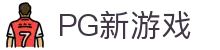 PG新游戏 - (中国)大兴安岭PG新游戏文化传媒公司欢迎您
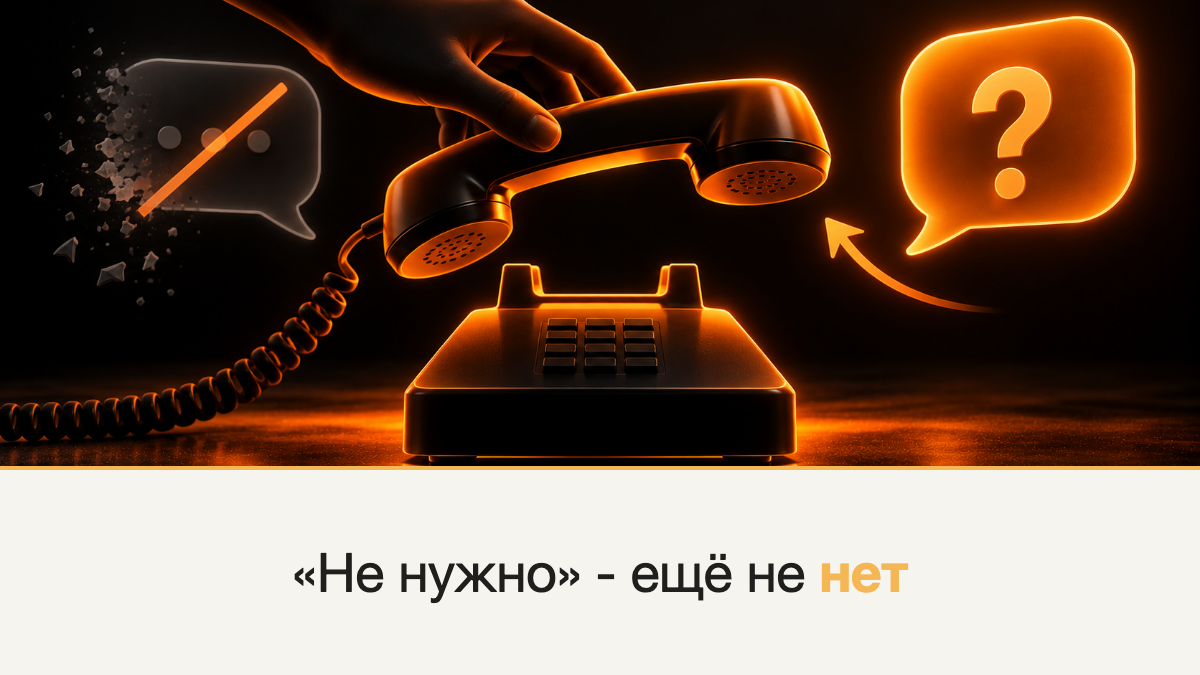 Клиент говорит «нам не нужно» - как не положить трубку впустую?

==

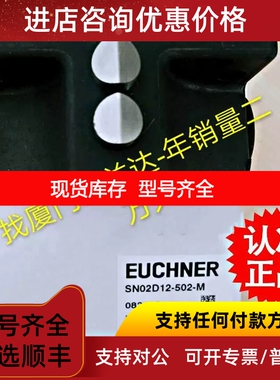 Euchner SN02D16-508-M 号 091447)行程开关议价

--

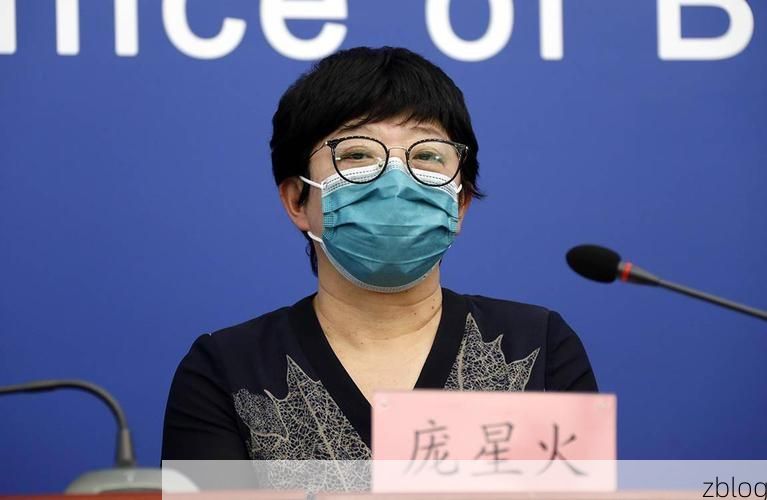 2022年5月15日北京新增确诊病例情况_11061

What the exercise asks: Look above for the line with "PG新游戏 - (中国)大兴安岭PG新游戏文化传媒公司欢迎您" and the line with "положить трубку впустую?". Give again exactly those two lines and all lines between them, pictures excluded.

Exercise answer:
 PG新游戏 - (中国)大兴安岭PG新游戏文化传媒公司欢迎您
 Клиент говорит «нам не нужно» - как не положить трубку впустую?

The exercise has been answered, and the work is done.